Significant progress was primarily driven by improvement in South America and southern Asia.

In South America, hunger rates fell from 4.2 percent in 2023 to 3.8 percent in 2024, largely due to better crop yields and government-supported social programmes such as school meals. In southern Asia, hunger fell to 11 percent from 12.2 percent, largely due to improved access to healthy diets.

Despite progress in some regions, hunger continues to be a prevailing issue in other areas.

UN Secretary-General António Guterres stated that “Conflict continues to drive hunger from Gaza to Sudan and beyond,” warning that “hunger further feeds future instability and undermines peace.”

Agencies, including the World Health Organisation (WHO), have raised alarms over malnutrition in Gaza since Israel imposed a full blockade on March 2nd, triggering a humanitarian crisis. Although some restrictions were eased in May, aid access remains severely limited, raising concerns of widespread starvation.

Conditions worsened in Africa, where more than 307 million people—more than one in five—were chronically undernourished.
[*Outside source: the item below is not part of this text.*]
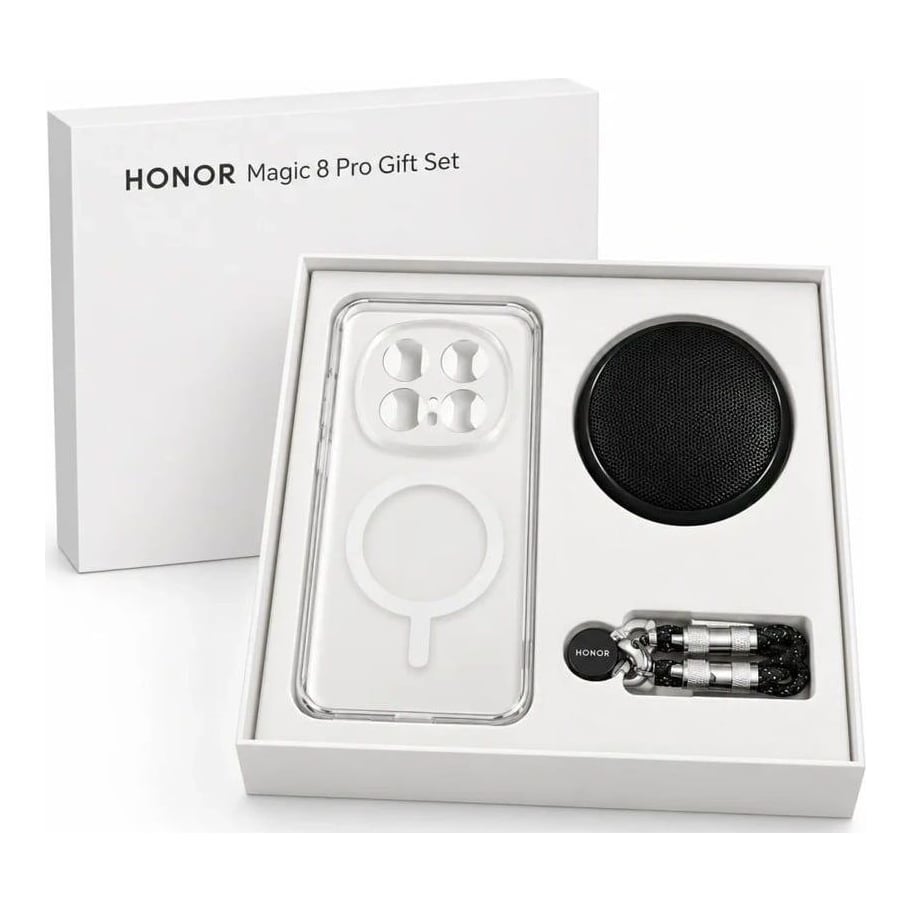 Honor Magic 8 Pro Accesories + Bluetooth Speaker Set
In a recent report, an estimated 4.6 million people in Somalia are facing food insecurity, with aid fund dwindling.

The continent’s food systems are under pressure from rapid population growth, violent conflict, weather extremes, and rising prices. The number of people in Africa unable to afford a nutritious diet grew from 864 million in 2019 to over one billion in 2024.
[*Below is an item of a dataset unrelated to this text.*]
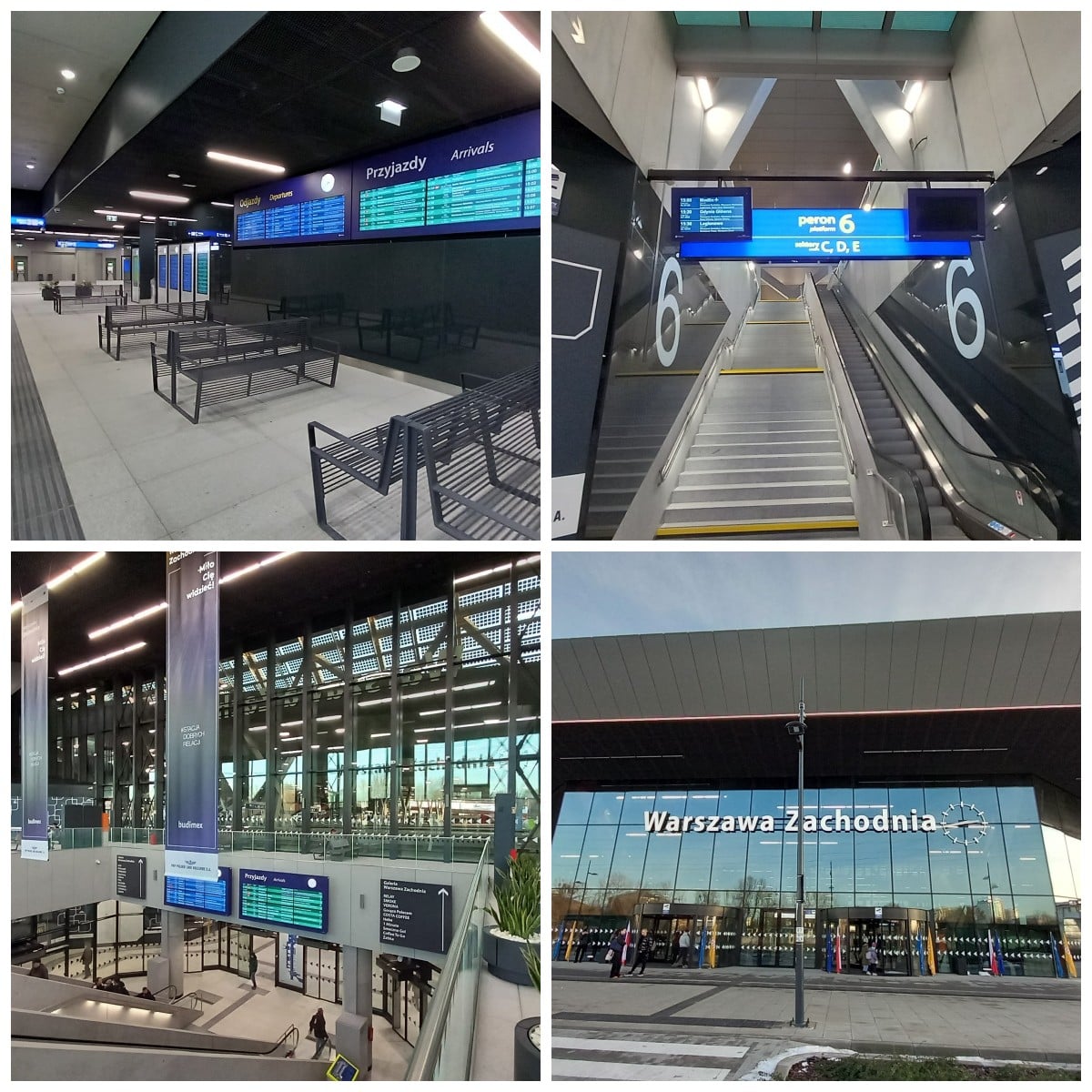 Inforail - Wielki finał modernizacji Dworca Warszawa Zachodnia. Otwarty dla pasażerów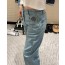 CC  Denim Pants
Looking ahead, the UN warns that by 2030, 512 million people may be chronically undernourished globally, nearly 60 percent of them in Africa.

“We must urgently reverse this trajectory,” said Food and Agriculture Organization (FAO) chief economist Maximo Torero.

The report also identified “persistent inequalities” disproportionately affecting women and rural populations. While global food supplies remain adequate, nutritious food is often “not available, not accessible or, more often, not affordable.”

Meanwhile, global adult obesity rose to nearly 16 percent in 2022, up from 12 percent in 2012.